Scurvy is one of the oldest documented disorders frequently seen with pirates and sailors due to the paucity of fresh fruits aboard their voyages. ⁹ After extensive trial and error by James Lind, it came to light that the underlying pathogenesis was that of reduced bioavailability of vitamin C ¹⁰ and he was able to identify citrus fruits as an effective therapy. Humans, unlike most mammals, do not have the ability to store or synthesize vitamin C; therefore, we are dependent on proper intake from fruits and vegetables.^9,10 Upon ingestion and proper breakdown, it is absorbed in the ileum and transported to the rest of the body to be utilized in collagen synthesis and elastic fiber stabilization. ¹⁰ Hence, this disease has since been almost unknown within the developed world. However, this disease remains frequent within the developing world.^11,12 The most common presentations are easy bruising and bleeding secondary to collagen degradation but other manifestations include normocytic normochromic anemia, pancytopenia, dermatologic manifestation with perifollicular petechiae, hemorrhagic nodules, and the classic ‘corkscrew’ hair follicles.^11,12 The diagnosis remains challenging due to the numerous manifestations of the disease but when suspected includes a thorough history and physical exam, followed by vitamin C measurement. Vitamin C measurement in either serum or urine can be used with accuracy, with a level below 0.25 mg/dL suggestive of scurvy. ¹³ Treatment consists of high doses of vitamin C up to 1 g initially followed by a maintenance dose. ¹³

Our patient’s symptoms presented us with many diagnostic challenges over the 9 months that she had her oral ulcers and other nonspecific symptoms, before her easy bruising and perifollicular hemorrhage occurred. Systemic autoimmunity was suspected early on, and when her 14.3.3 ETA protein test returned positive it was not completely clear that RA was responsible for all of her symptoms, although oral ulcers may occur from this illness. Her diagnosis of CD was also hindered by negative intestinal biopsies.
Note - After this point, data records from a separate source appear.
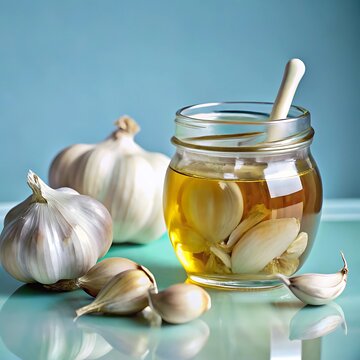 A glass jar of honey with a wooden dipper, surrounded by garlic cloves on a turquoise table. The image suggests a natural remedy or health-boosting concoction.
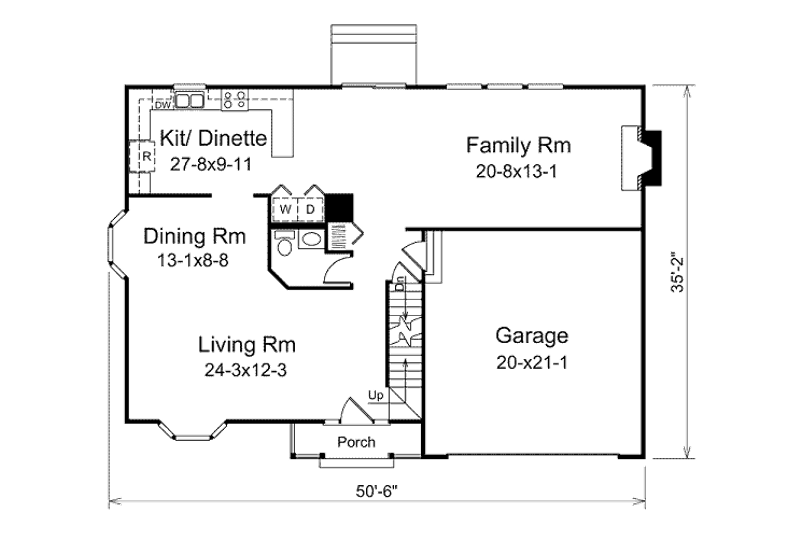Architectural House Design - Floor Plan - Main Floor for Traditional House Plan #57-459 - 4 bed, 2.5 bath
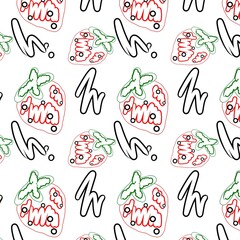 Hand Drawn Fruit Strawberry Seamless Pattern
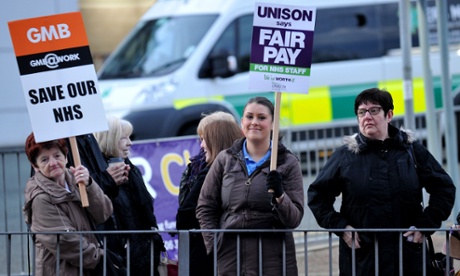 Strikers outside the Royal Liverpool Hospital in Liverpool.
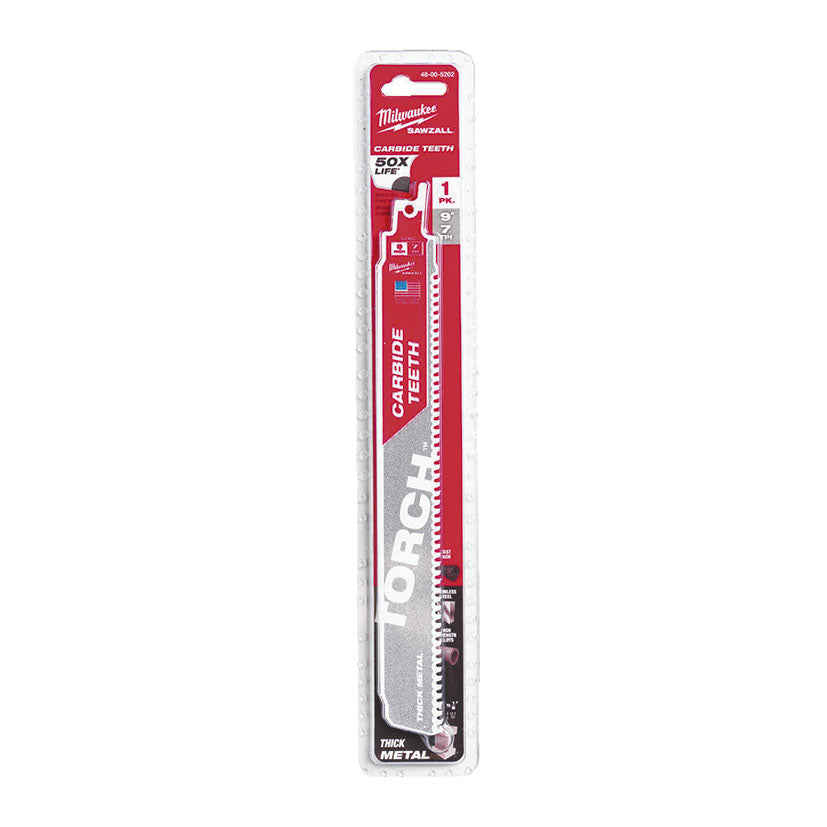 Blíster de hoja de sierra sable Milwaukee 48-00-5202 The Torch Carbide de 9 pulgadas para uso profesional.
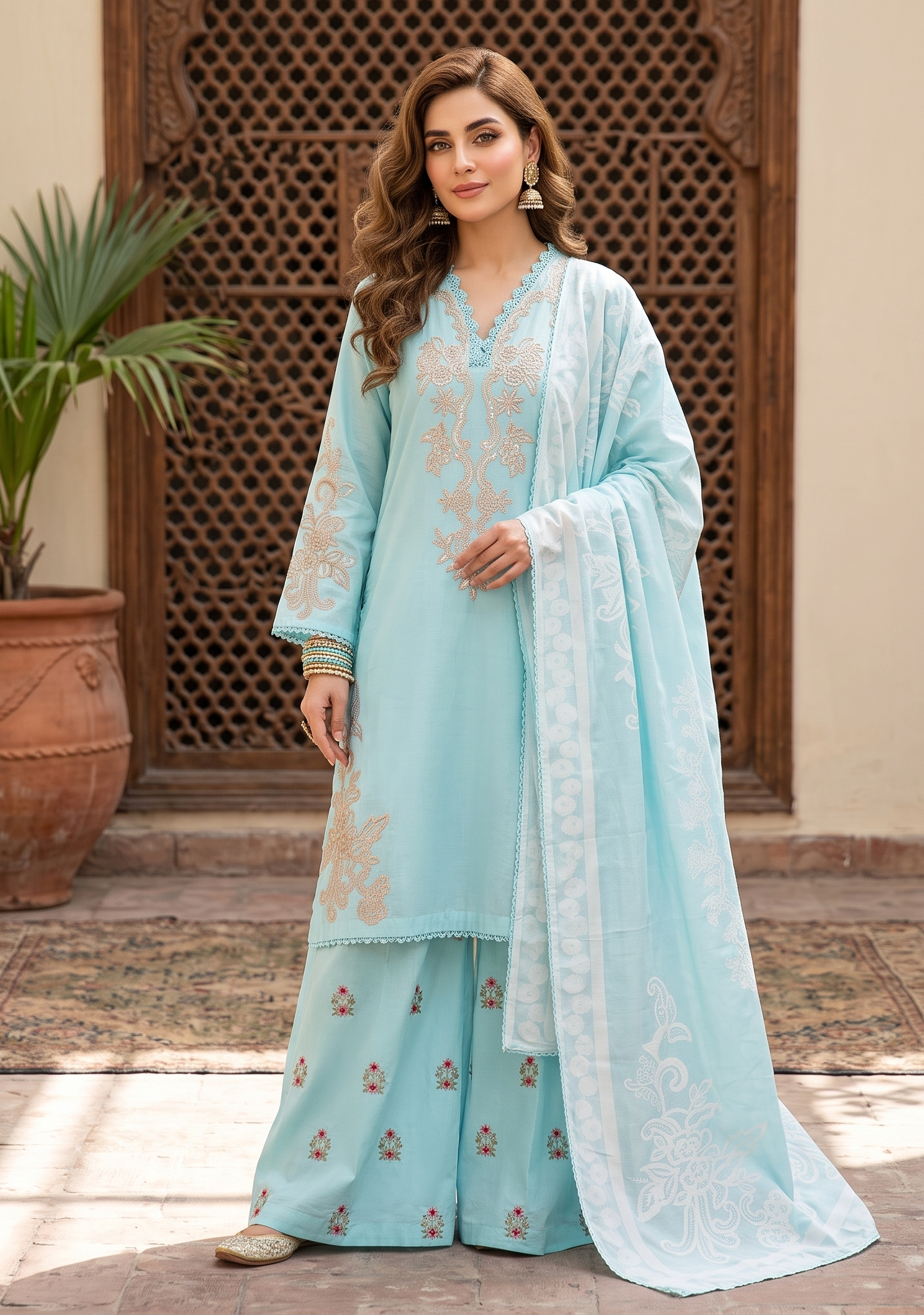 3 Piece - Embroidered Premium Cotton Suit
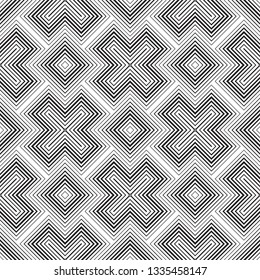 Monochrome seamless geometrical pattern. An abstract half tone background with thin lines. Vector graphics.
The patient also had a notable psychiatric history with prior diagnoses of depression, anxiety, and recurrent panic attacks which may have served as a risk factor for vitamin C deficiency. It is likely that her CD and RA were largely responsible for her early symptoms, whereas later symptoms, to include easy bruising, were due to scurvy. Scurvy can mimic rheumatological disease especially when arthralgias, synovitis, or manifestations imitating cutaneous vasculitis occur. ¹⁴ The overlap of CD, RA, and scurvy made this a very challenging case to diagnose and treat.

Conclusion

Scurvy is a relatively uncommon disease in the developed world but remains a crucial diagnosis to consider in the appropriate patient. It is essential for the practicing clinician to have a basic knowledge of the clinical signs and symptoms of the disease. Increasing cognizance of the disease will ultimately ameliorate and shorten the duration from diagnosis to treatment.